In total, we received 54 responses (62% response rate). From these, 46 (85%) were family doctors and pediatricians, while the remaining 8 (15%) were pediatric general surgeons and urologists. The circumcisions were carried out with the Gomco clamp 35 (63%) and the Plastibell 21 (37%). No respondent admitted to learning the procedure through a structured training course. Of the non-surgeons, 19 (43%) learned to perform a circumcision from a non-surgeon colleague. A little over a third of the participants (17, 31%) were happy to perform a circumcision in a child born with a concealed penis, where circumcision is contraindicated. With respect to the early complications post-circumcision, 8 (100%) surgeons versus 29 (63%) non-surgeons felt comfortable dealing with bleeding (p = 0.046). In total, 7 (88%) surgeons versus 16 (35%) non-surgeons were comfortable dealing with urinary retention (p = 0.01). Also, 8 (100%) surgeons versus 24 (52%) non-surgeons were comfortable dealing with a wound dehiscence (p = 0.02). Moreover, 6 (75%) surgeons and 5 (10%) non-surgeons were comfortable managing meatal stenosis (p < 0.01). Five (63%) surgeons versus 15 (33%) non-surgeons were confident in dealing with a trapped penis post-circumcision (p = 0.24).
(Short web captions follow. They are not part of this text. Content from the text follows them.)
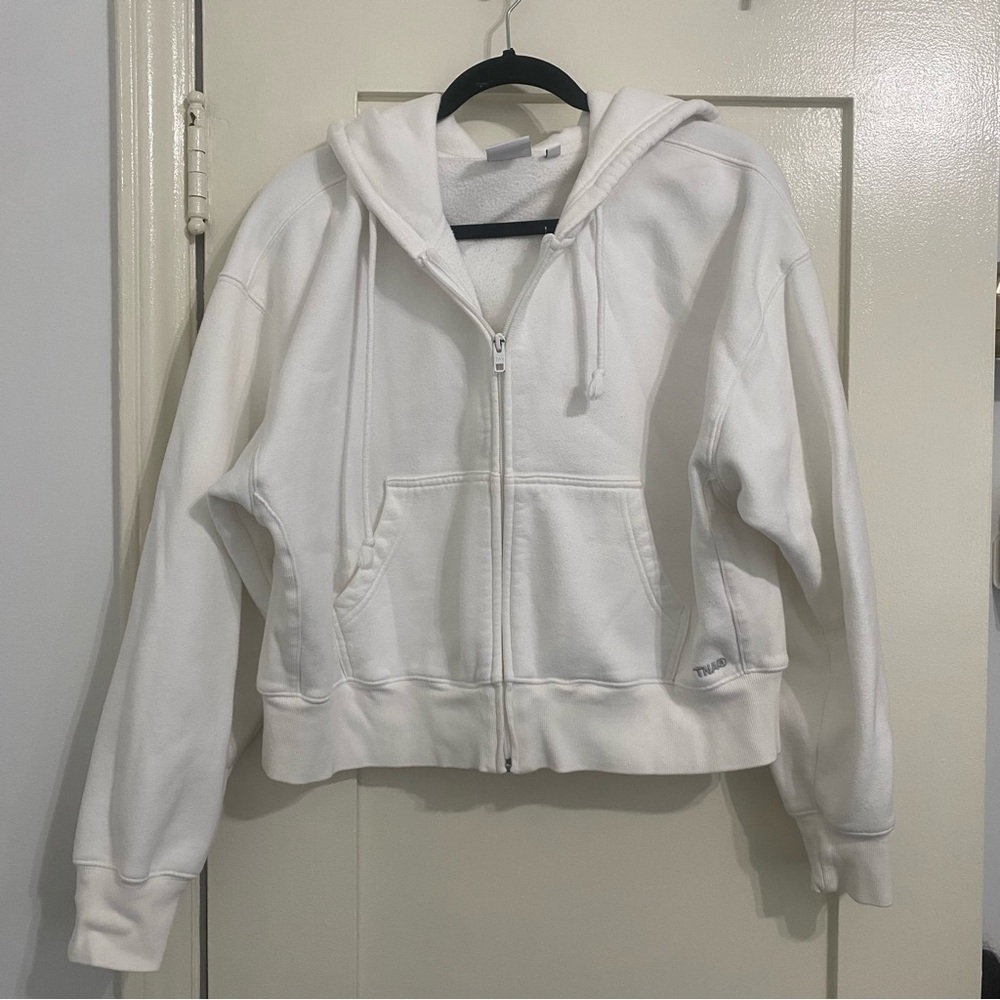 ARITZIA TNA Cozy Fleece Boyfriend Boxy Zip Hoodie in white size L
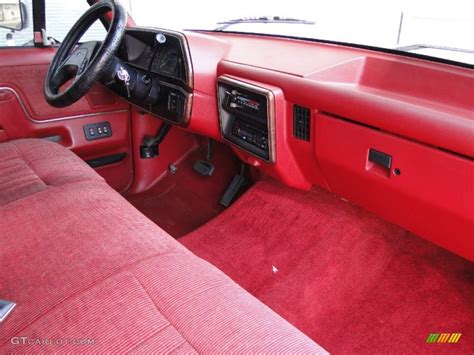 1991 Ford F150 XLT Regular Cab interior Photo #50432839 | GTCarLot.com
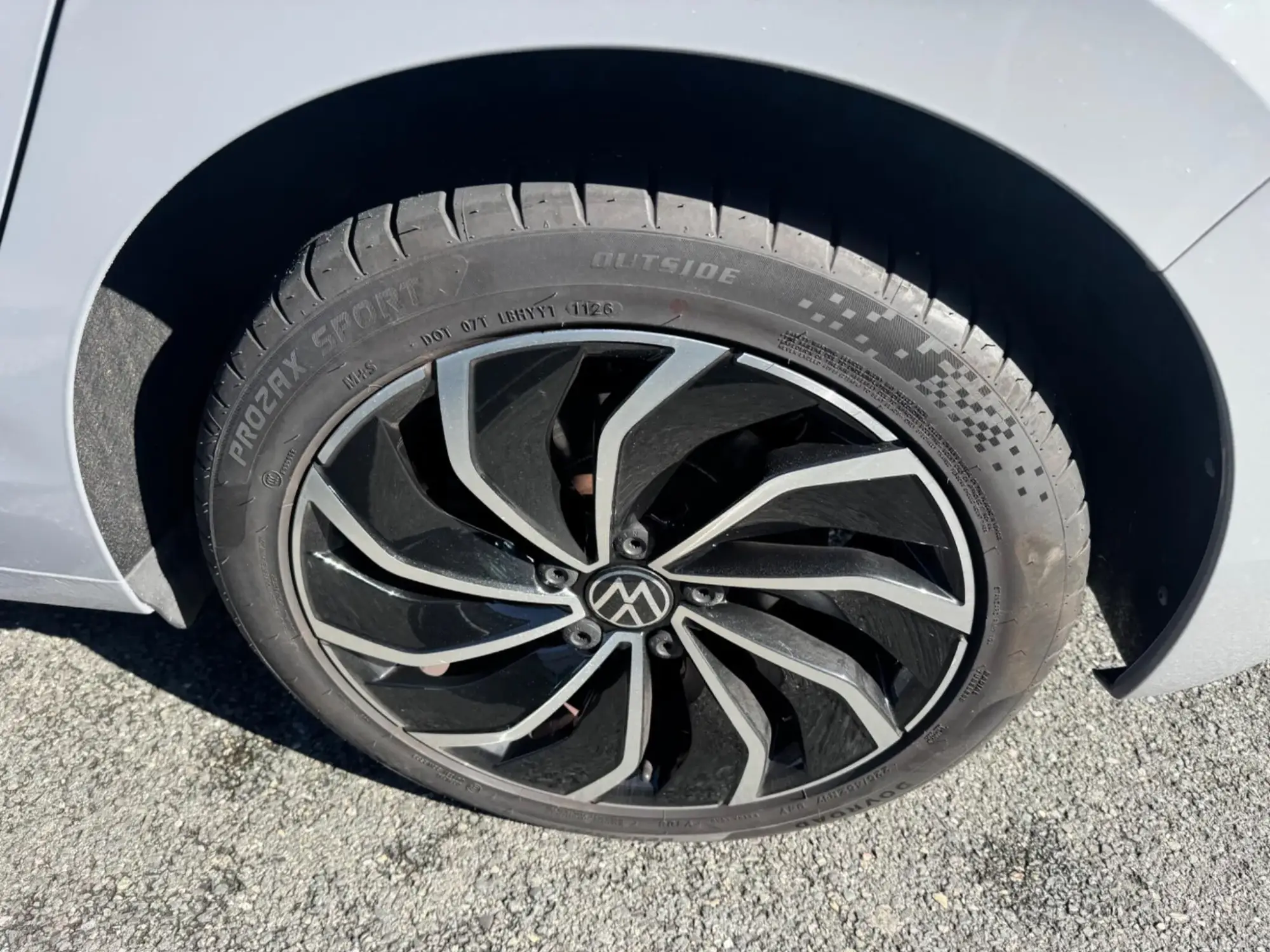 Volkswagen Golf Image 21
Our survey findings indicate that most physicians performing neonatal circumcisions in our community have received informal and unstructured training. This lack of formal instruction may explain the complications and unsatisfactory results witnessed in our pediatric urology practice. Many practitioners are not aware of the contraindications to neonatal circumcision and most non-surgeons perform the procedure without being able to handle common post-surgical complications. Based on our survey findings, we planned and carried out a formal training course to address these issues.
尽管加拿大儿科学会和美国儿科学会对新生儿包皮环切术的适应症提出了建议,但该手术在北美乃至全世界仍然很常见。我们的目的不是争论是否应该进行该手术,而是研究谁在做这个手术、他们的培训情况、手术是如何进行的,以及我们如何预防不满意的结果和并发症。目标是确定哪些知识领域需要改进,然后设计一个教学模块以改善新生儿包皮环切术的结果。
向加拿大安大略省西南部87名进行新生儿包皮环切术的医生发放了一份包含19个问题的横断面调查问卷,其中包括一个视觉识别项目。为提高回复率,我们通过多种方式联系研究对象,包括邮件、传真和电话。调查问卷完成后,我们制作了一个关于使用Gomco夹和Plastibell技术的手术技术培训视频。与参与调查者举办了一次知识传播研讨会,讨论新生儿包皮环切术的禁忌症、麻醉的使用和并发症的处理,并评估手术技术培训视频。完成了一份为期6个月的随访问卷,以确定该教学课程对参与者日常实践的影响。
我们总共收到了54份回复(回复率为62%)。其中,46名(85%)是家庭医生和儿科医生,其余8名(15%)是儿科普通外科医生和泌尿科医生。包皮环切术使用Gomco夹的有35例(63%),使用Plastibell的有21例(37%)。没有受访者承认是通过结构化培训课程学习该手术的。在非外科医生中,19名(43%)是从非外科医生同事那里学会进行包皮环切术的。略超过三分之一的参与者(17名,31%)愿意为隐匿阴茎患儿进行包皮环切术,而隐匿阴茎患儿进行包皮环切术是禁忌的。关于包皮环切术后的早期并发症,8名(100%)外科医生与29名(63%)非外科医生认为自己能够处理出血问题(p = 0.046)。总共7名(88%)外科医生与16名(35%)非外科医生能够处理尿潴留问题(p = 0.01)。此外,8名(100%)外科医生与24名(52%)非外科医生能够处理伤口裂开问题(p = 0.02)。而且,6名(75%)外科医生和5名(10%)非外科医生能够处理尿道口狭窄问题(p < 0.01)。5名(63%)外科医生与15名(33%)非外科医生对处理包皮环切术后的包茎问题有信心(p = 0.24)。
我们的调查结果表明,我们社区中大多数进行新生儿包皮环切术的医生接受的是非正式和非结构化的培训。这种缺乏正规指导的情况可能解释了我们儿科泌尿外科实践中出现的并发症和不满意的结果。许多从业者不了解新生儿包皮环切术的禁忌症,而且大多数非外科医生在进行该手术时无法处理常见术后并发症。基于我们的调查结果,我们计划并开展了一个正规培训课程来解决这些问题。